The expected answer is a verbatim transcription of the lines below, beginning with the first and ending with the line that holds "FatFace Green Billie Stripe Longline Shirt 8", without pictures.

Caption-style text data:
# # #

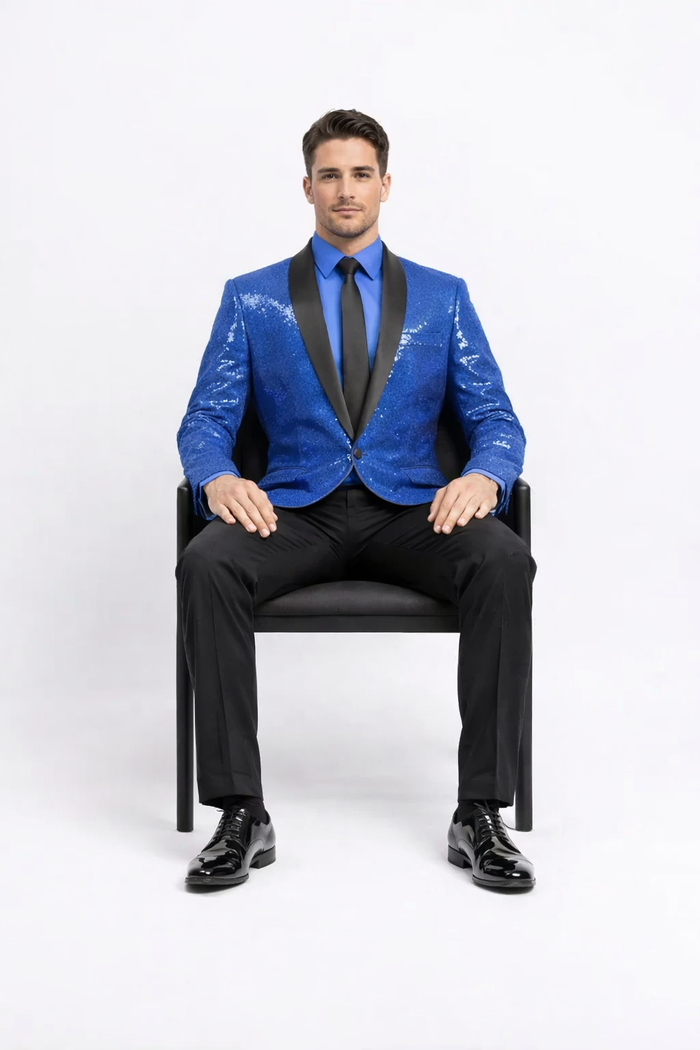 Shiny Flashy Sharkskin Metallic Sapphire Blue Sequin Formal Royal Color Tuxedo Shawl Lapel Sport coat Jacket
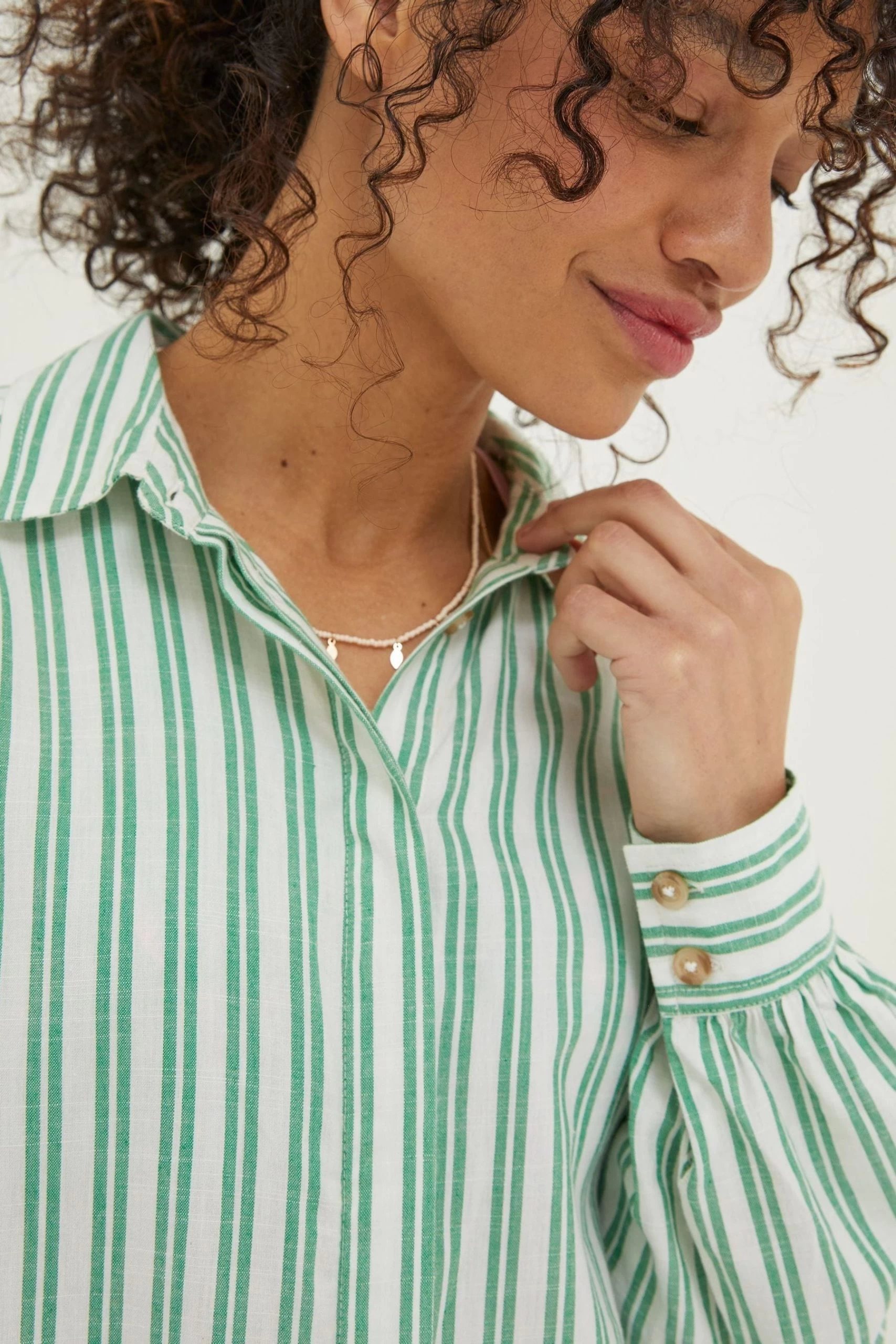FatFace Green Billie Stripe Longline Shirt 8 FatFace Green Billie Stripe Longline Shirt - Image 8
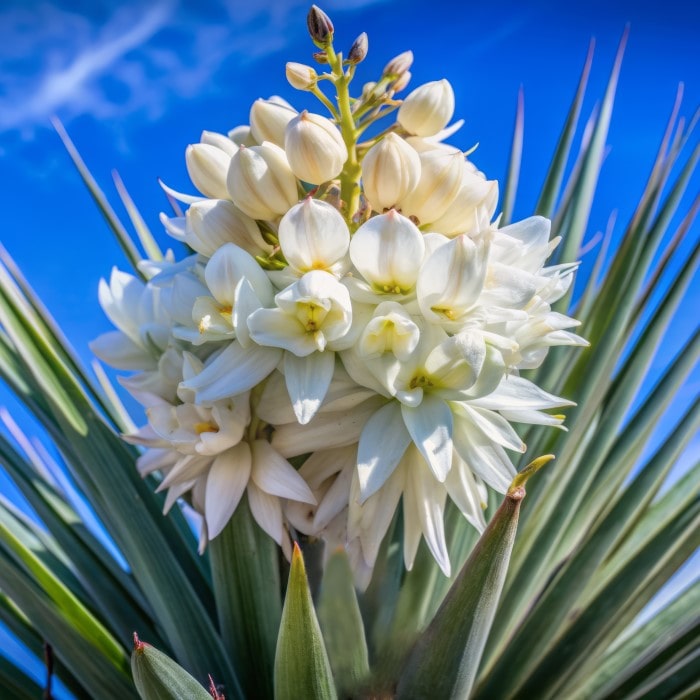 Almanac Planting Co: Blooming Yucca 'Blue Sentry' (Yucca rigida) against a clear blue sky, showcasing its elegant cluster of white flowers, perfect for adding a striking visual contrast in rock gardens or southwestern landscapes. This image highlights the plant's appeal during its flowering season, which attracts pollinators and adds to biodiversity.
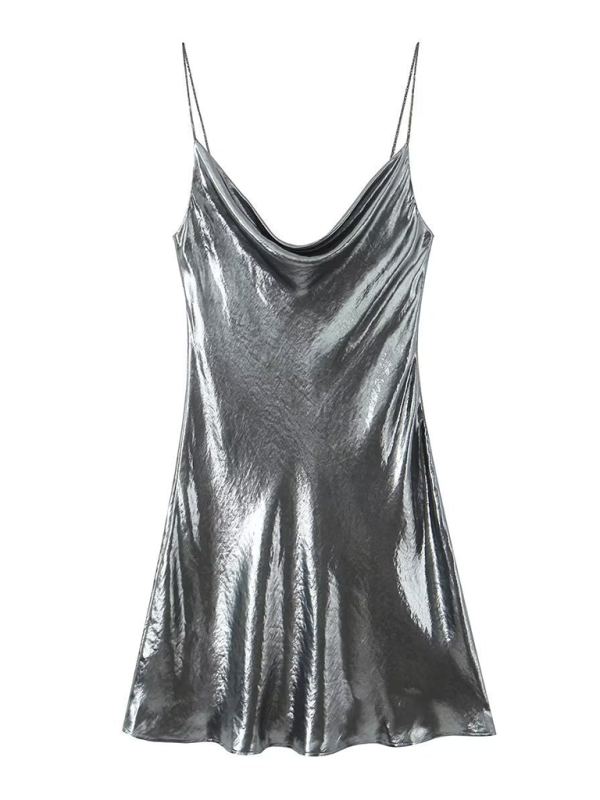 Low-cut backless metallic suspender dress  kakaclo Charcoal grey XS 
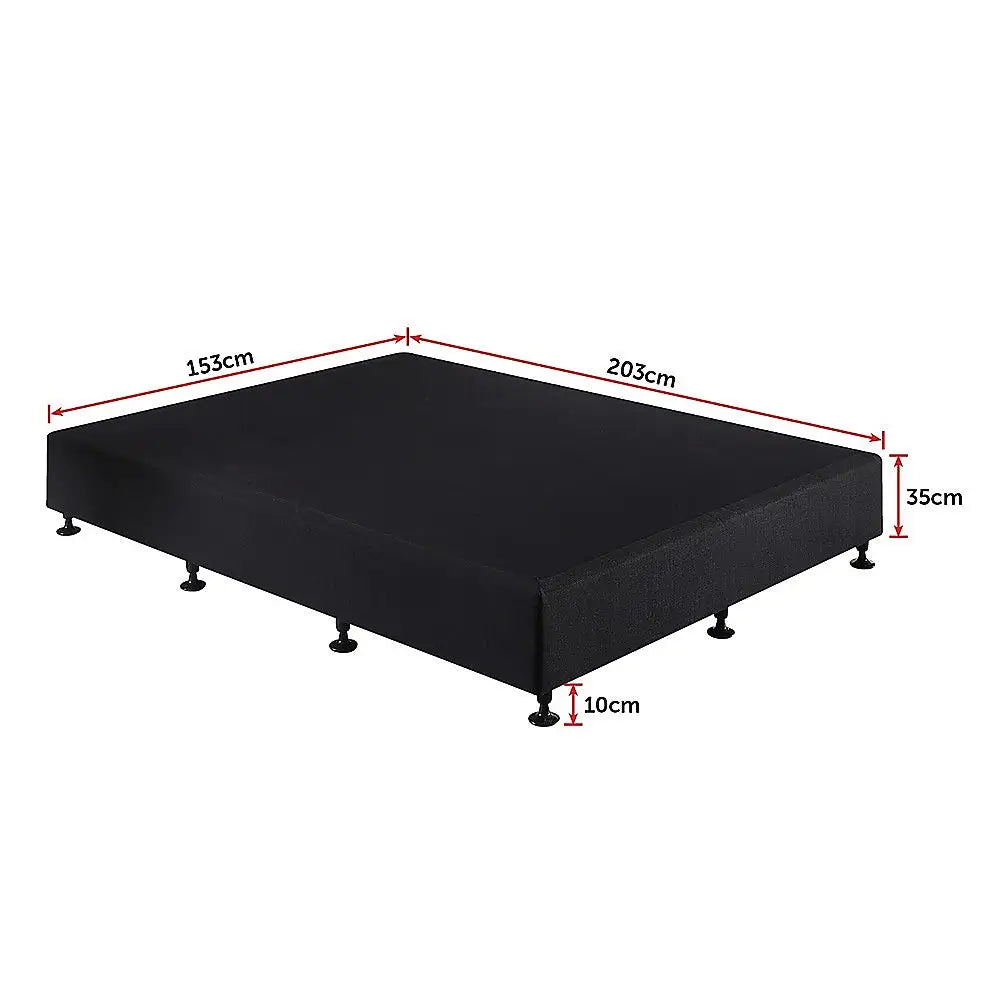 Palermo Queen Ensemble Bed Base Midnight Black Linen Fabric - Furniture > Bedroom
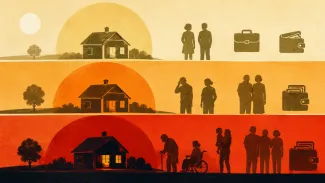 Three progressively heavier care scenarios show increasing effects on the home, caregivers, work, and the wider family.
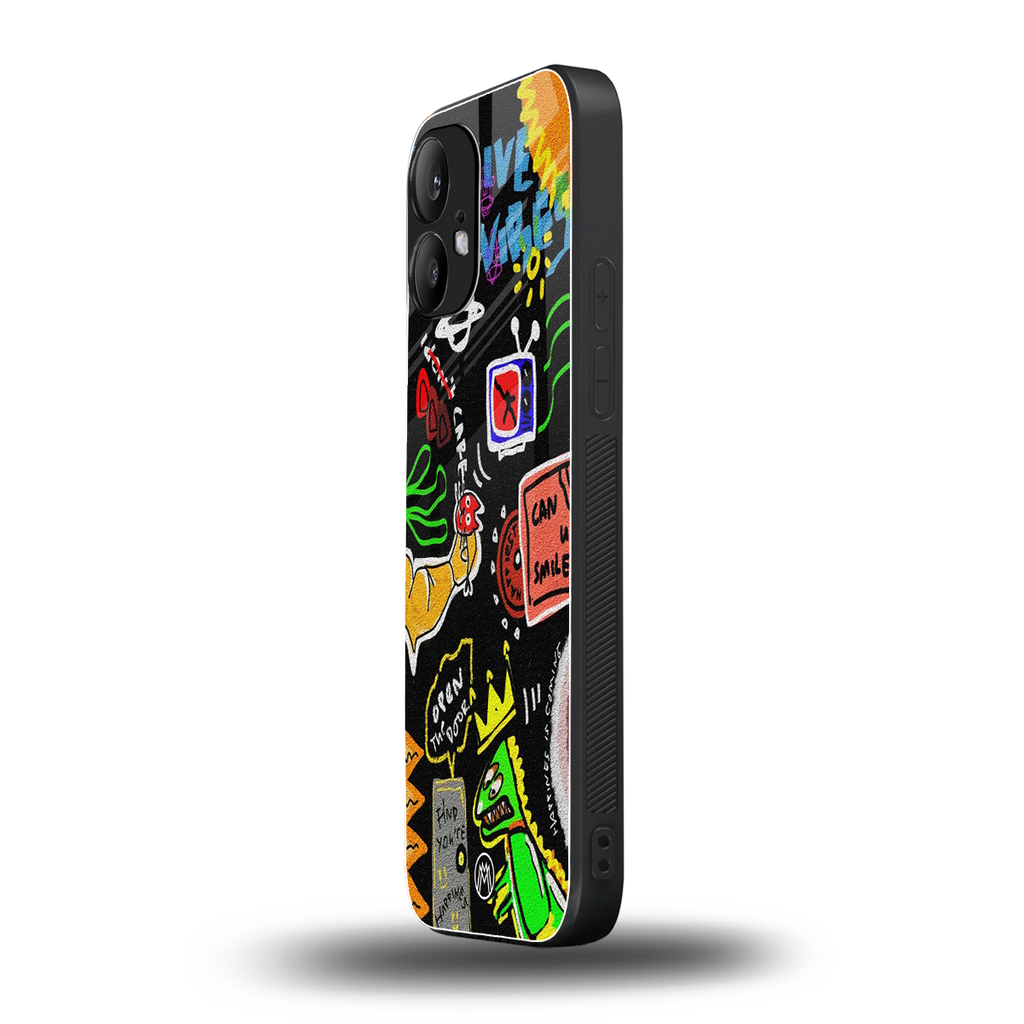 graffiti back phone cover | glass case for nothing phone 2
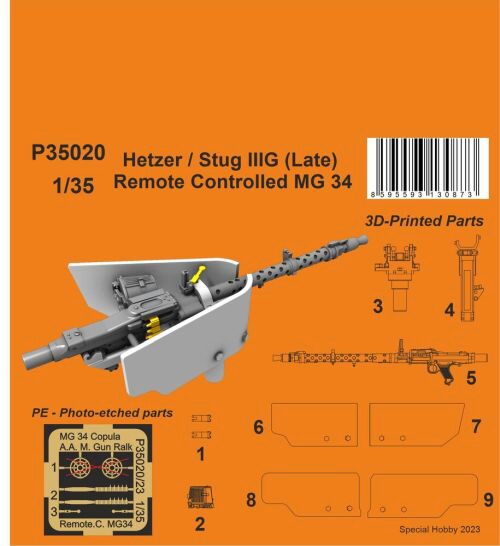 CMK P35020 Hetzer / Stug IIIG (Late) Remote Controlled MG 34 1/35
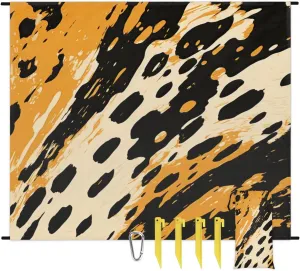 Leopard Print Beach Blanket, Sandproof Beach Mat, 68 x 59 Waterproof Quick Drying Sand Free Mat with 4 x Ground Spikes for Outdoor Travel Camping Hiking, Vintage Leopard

# # #

### Written answer
 Shiny Flashy Sharkskin Metallic Sapphire Blue Sequin Formal Royal Color Tuxedo Shawl Lapel Sport coat Jacket
FatFace Green Billie Stripe Longline Shirt 8 FatFace Green Billie Stripe Longline Shirt - Image 8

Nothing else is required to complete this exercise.